[TASK INPUTS — start]

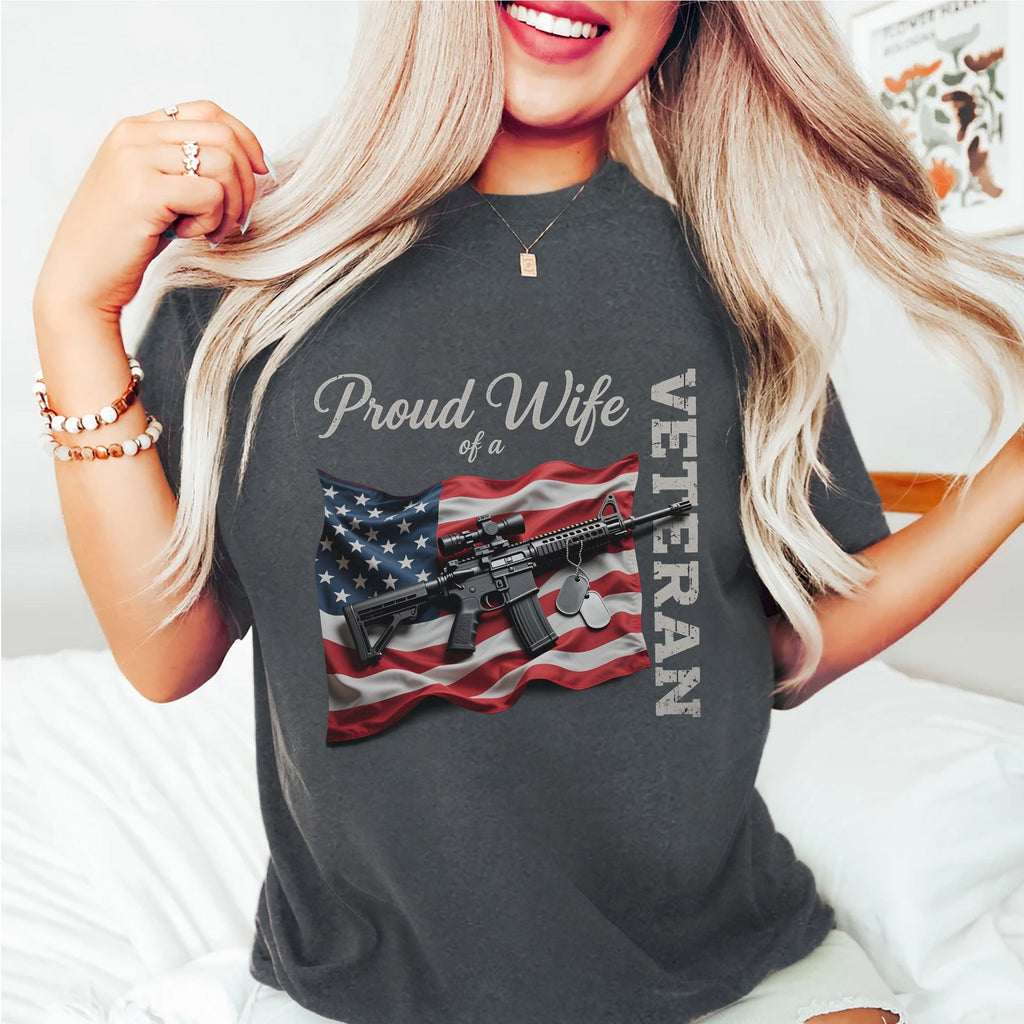 Proud Wife of a Veteran Strong Heart Loyal T-Shirt product image 7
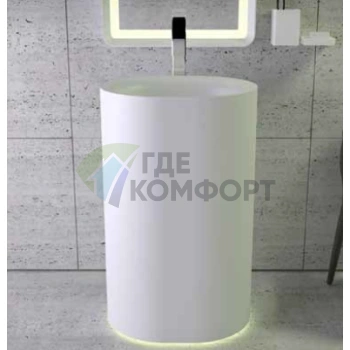Раковина KNIEF Moon свободностоящая 55x45x90 см с белым выпуском и матовым белым сифоном - фото 1
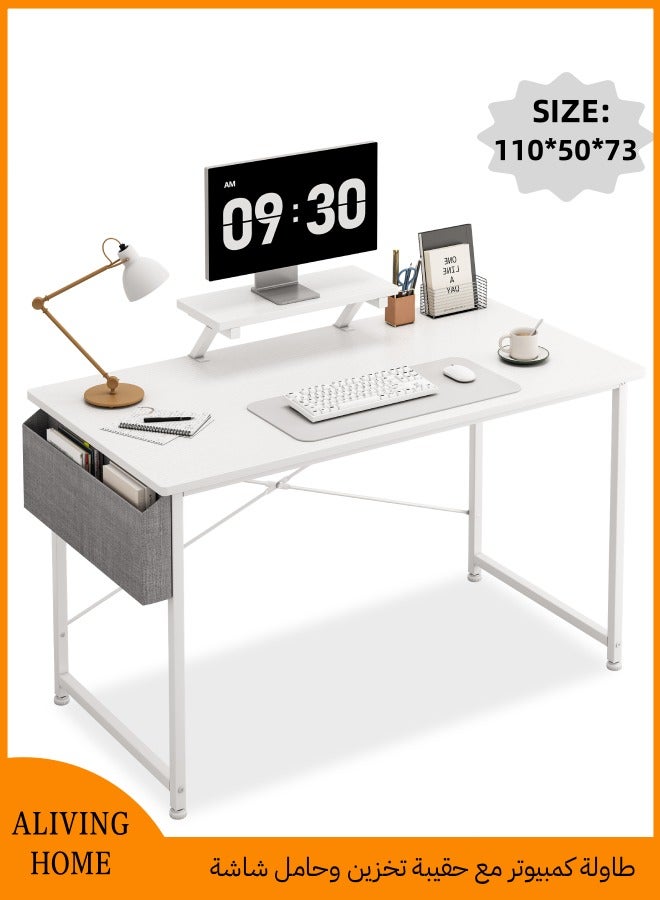 ALIVINGHOME Computer Desk Home Office Writing Study Desk Modern Simple Style Laptop Table With Storage Bag and  Monitor Stand  ，110 *50*73cm , White - Image 1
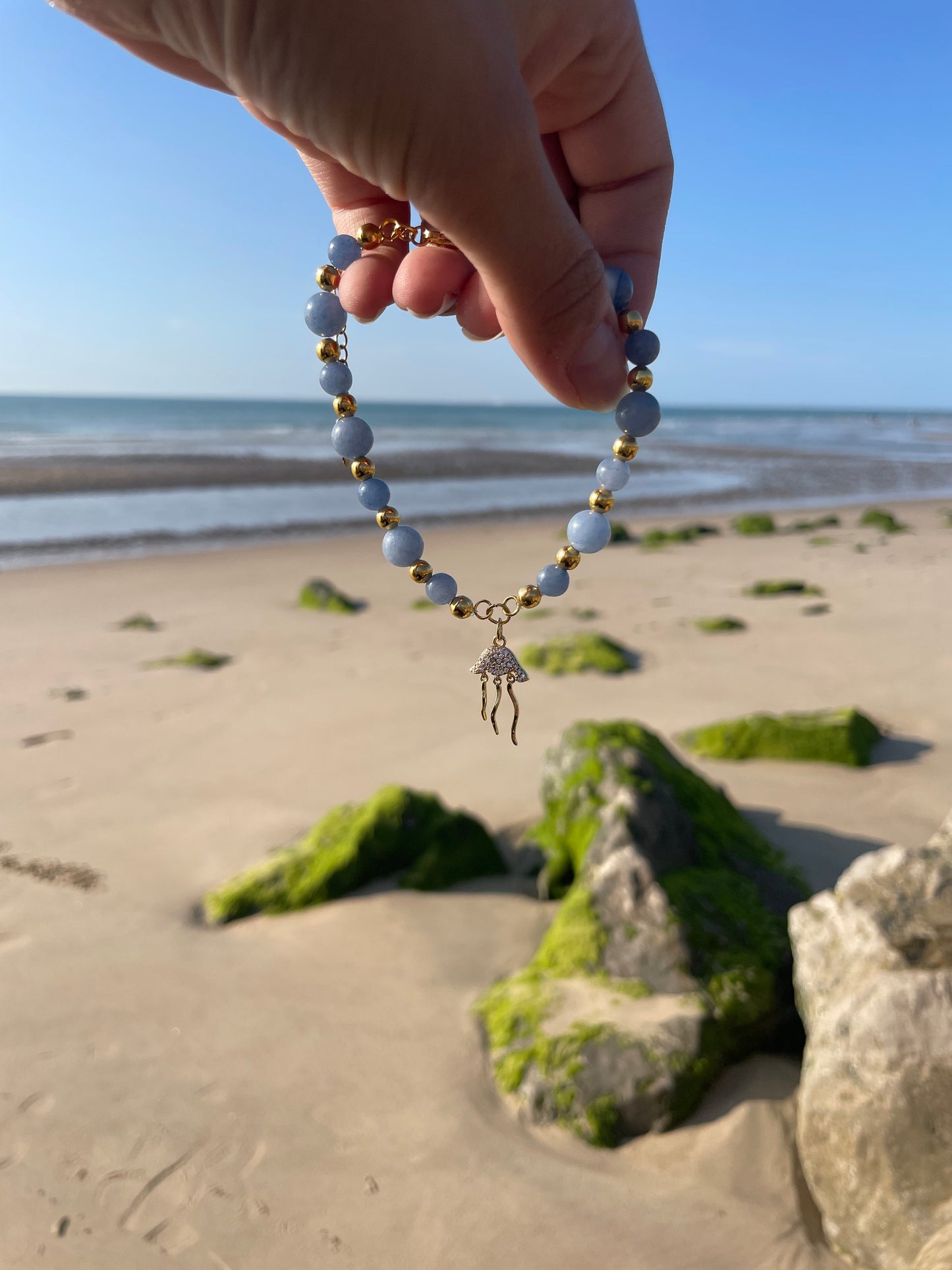 Bracelet "Aurelya" - Aventurine bleue & méduse dorée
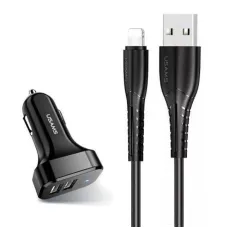 Автомобільний зарядний пристрій Usams U35 (2xUSB, 2.1A) Black (6958444985961) + кабель Lightning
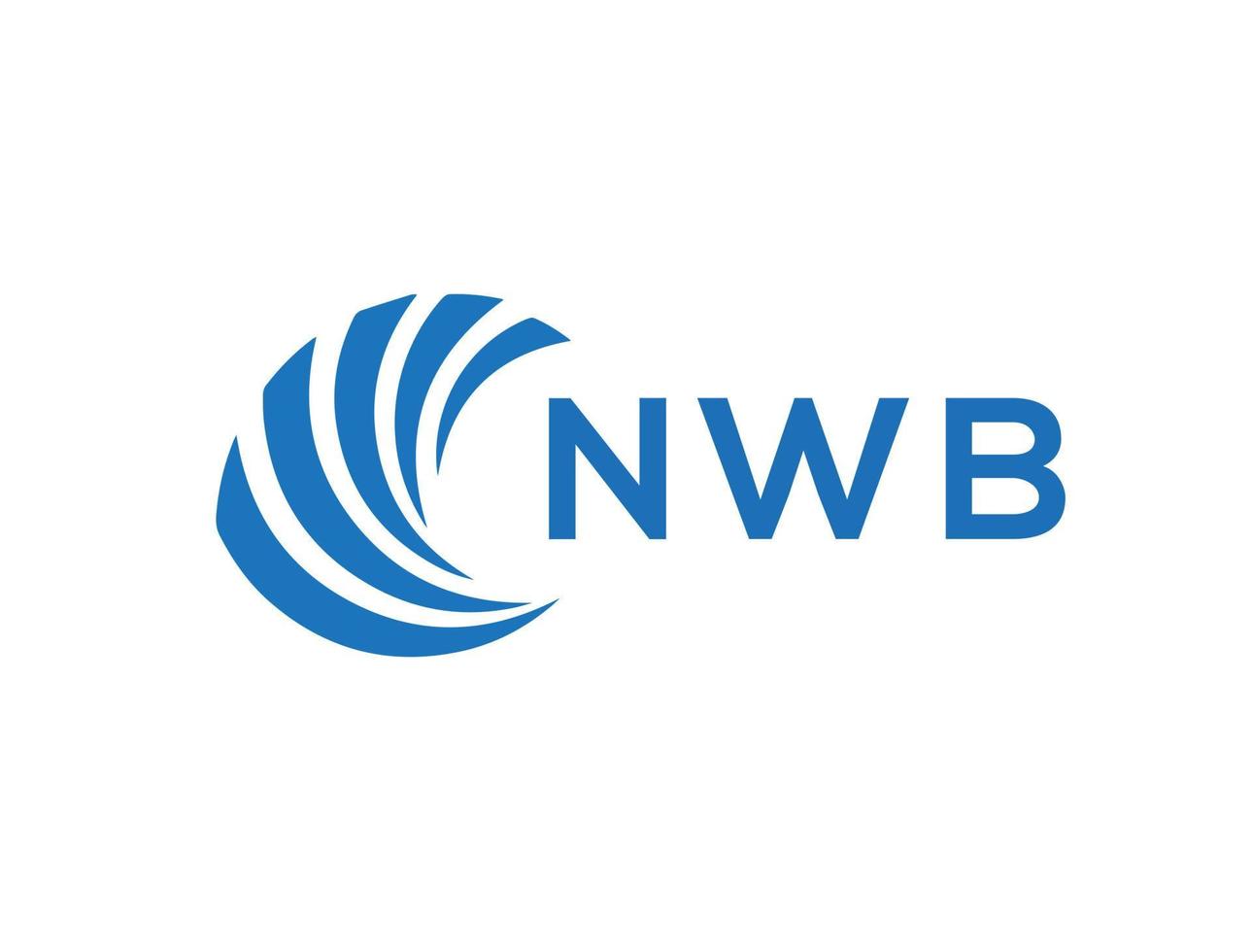 nwb letra logo diseño en blanco antecedentes. nwb creativo circulo ...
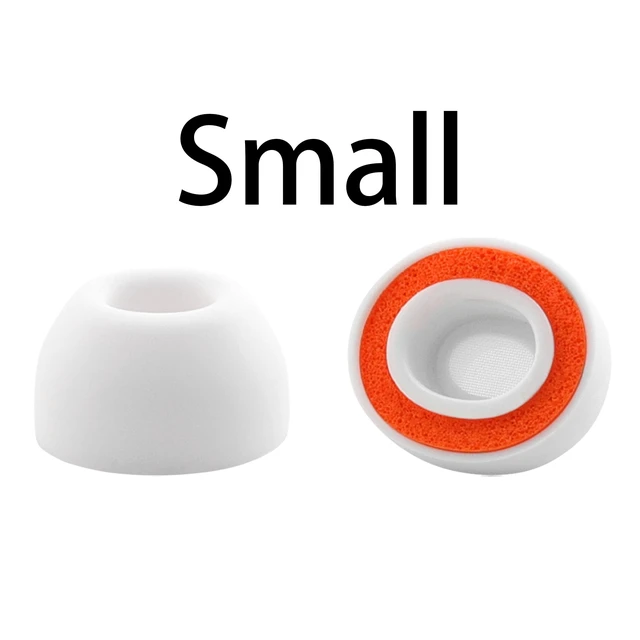 Alt view image 5 of 5 - Replacement Foam Ear Tips for AirPods Pro 3 Silicone Shield (S) Ultimate Comfort, 3 Pairs (White, Small)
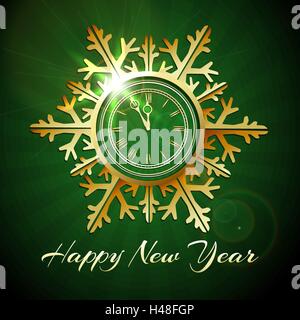 Shiny snowflake shaped New Year Clock against green background. Vector illustration. Stock Vector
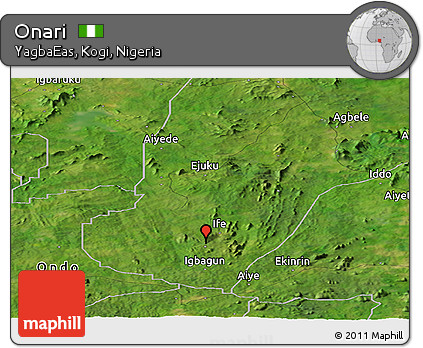 Satellite Panoramic Map of Onari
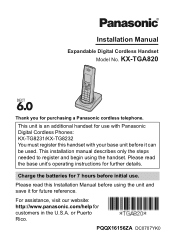 Panasonic KX-TGA820B Expandable Digital Cordless Handset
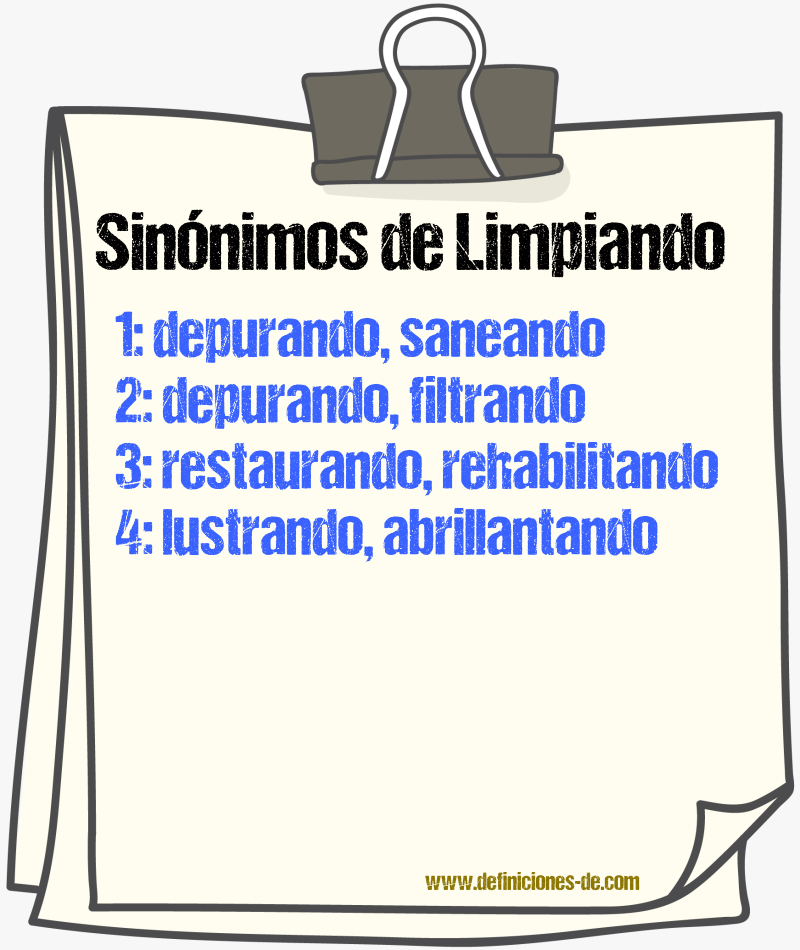 Sinónimos de limpiando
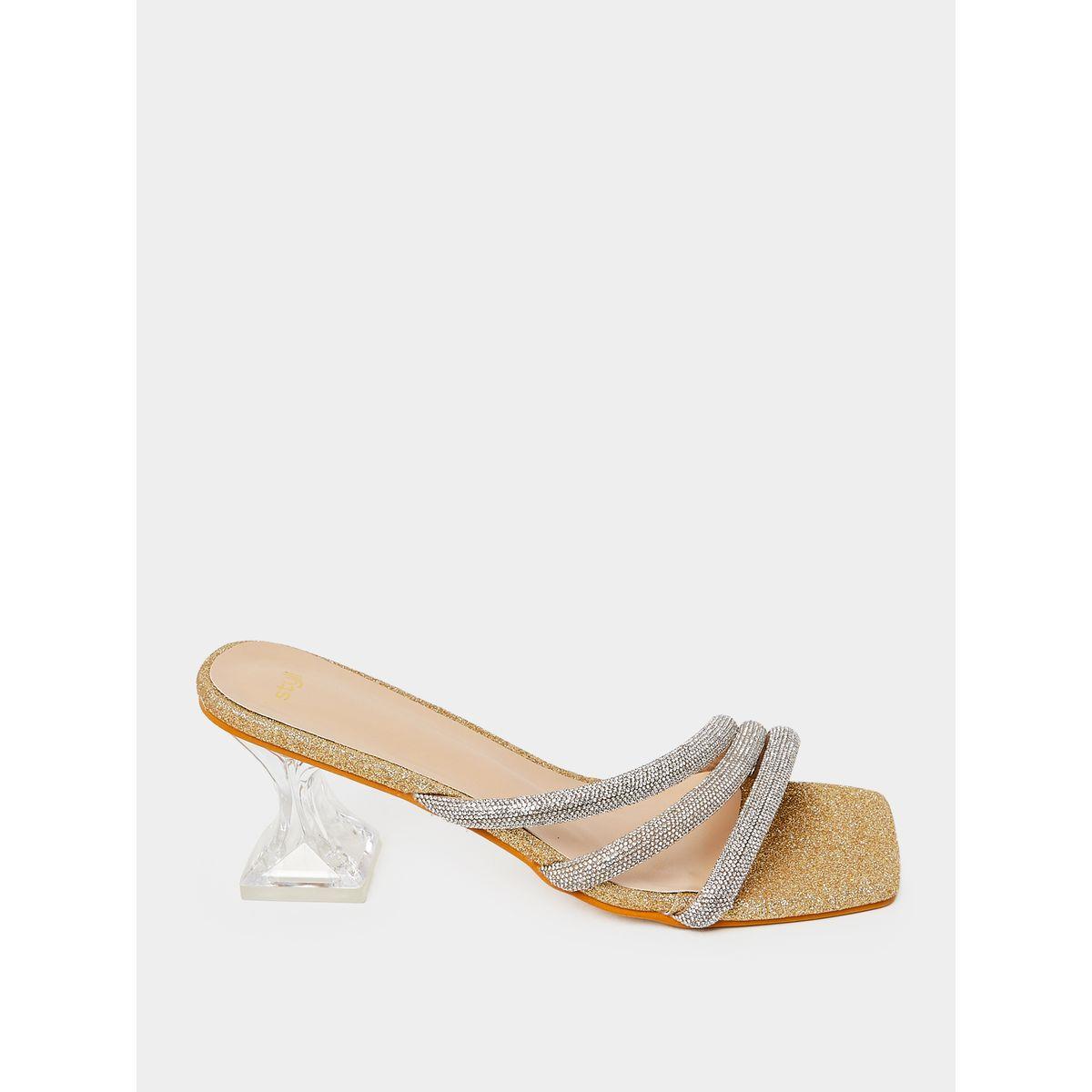 Styli Embellished Strap Block Heel Sandal-women-shoes-heels-image-1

[TASK INPUTS — finish]

Nothing but the lines from the line containing "Satellite Panoramic Map of Onari" through the last line of the material may be output, and they must be copied exactly, without pictures.

 Satellite Panoramic Map of Onari
 Panasonic KX-TGA820B Expandable Digital Cordless Handset
 Sinónimos de limpiando
 Styli Embellished Strap Block Heel Sandal-women-shoes-heels-image-1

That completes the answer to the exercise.